On the other hand, there were trading houses that functioned commendably well but their hands and legs were bound by Nehruvian socialism, also vigorously practiced by Indira Gandhi. His plea was that the only means of coexistence for the rich and the poor was socialism. In addition to suppressing business growth with the Monopoly Commission and other similar laws, it nationalized 19 banks, the entire coal industry as well as general insurance. She did not realize that the entire public sector represented state capitalism and not socialism at all. There would be socialism, provided the common people had the opportunity to invest and get dividends. Even according to Karl Marx, socialism was “from each according to his abilities, to each according to his opportunities”.
Thus, Indian businessmen were denied the opportunity to develop and become industrialists. Those who did have succeeded in creating small and medium industries by borrowing even too much money from nationalized banks. Then Prime Minister PV Narasimha Rao did the economy a favor by liberalizing procedures and removing many restrictions. But in his temptation to be re-elected for another five years, he went slowly on his reforms in the second half of his term. If you look at his years in supreme power, he has done more for India politically than economically. Ayodhya was his greatest achievement and the first step in national renewal for centuries.

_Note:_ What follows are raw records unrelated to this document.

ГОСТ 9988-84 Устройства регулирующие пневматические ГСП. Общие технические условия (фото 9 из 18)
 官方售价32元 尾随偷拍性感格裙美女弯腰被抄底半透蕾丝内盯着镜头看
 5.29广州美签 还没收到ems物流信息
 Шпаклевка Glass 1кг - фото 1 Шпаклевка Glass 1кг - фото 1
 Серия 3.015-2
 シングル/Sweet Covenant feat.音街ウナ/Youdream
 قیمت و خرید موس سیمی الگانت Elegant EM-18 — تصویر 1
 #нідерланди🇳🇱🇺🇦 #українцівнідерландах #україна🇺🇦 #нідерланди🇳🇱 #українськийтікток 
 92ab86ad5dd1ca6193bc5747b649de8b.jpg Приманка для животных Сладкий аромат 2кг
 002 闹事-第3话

Bearing in mind all Indian conditions, the PSUs that the government wishes to privatize should be managerially strengthened. Only industrial officials, not bureaucrats, can do this. If they are structurally unbalanced, some of them may need to be merged with other suitable PSUs. The treatment of toning would differ from unit to unit. The toned shares must be offered through one or more public share issues according to SEBI and stock market rules. As long as the Indian state retains at least 40 percent of the shares, the public has shares. Many individuals have savings that they wish to invest but cannot find suitable avenues. On debt securities, interest rates have fallen so low that they have become unattractive.
Note that most of our bureaucrats, ICDs and others, are top notch administrators, but they are unlikely to be effective managers. The former are above all linked to rules and procedures while the priorities of the latter are decisions, production and profits. The two cultures are quite distinct. Therefore, a CEO of PSU should not be accountable to a bureaucrat but to his shareholders. The solution lies in the fact that the President of India separates from the actions of all PSUs to financial institutions such as LIC, GIC and its subsidiaries, banks, Unit Trust of India, etc. When that happened, these new holders would behave like investors and not like zamindars. In addition, politicians would no longer have easy access to recommend their candidates, use their guesthouses and cars, etc. PSUs would then function as businesses and industries, and not as jagirdaris.
If only for taking stakes in paneled office companies from the upper classes to the masses, the late Dhirubhai Ambani must be honored. The best way to do this is to have the public as a partner rather than the banks. His logic was that loans cost interest, not stocks. The actions force management to make and pay lucrative dividends, which Indians expect from PSUs. Karl Marx believed that religion is the opium of the masses. The loans may be the opium of the classes.
(The writer is a well-known columnist and author. The opinions expressed are personal.)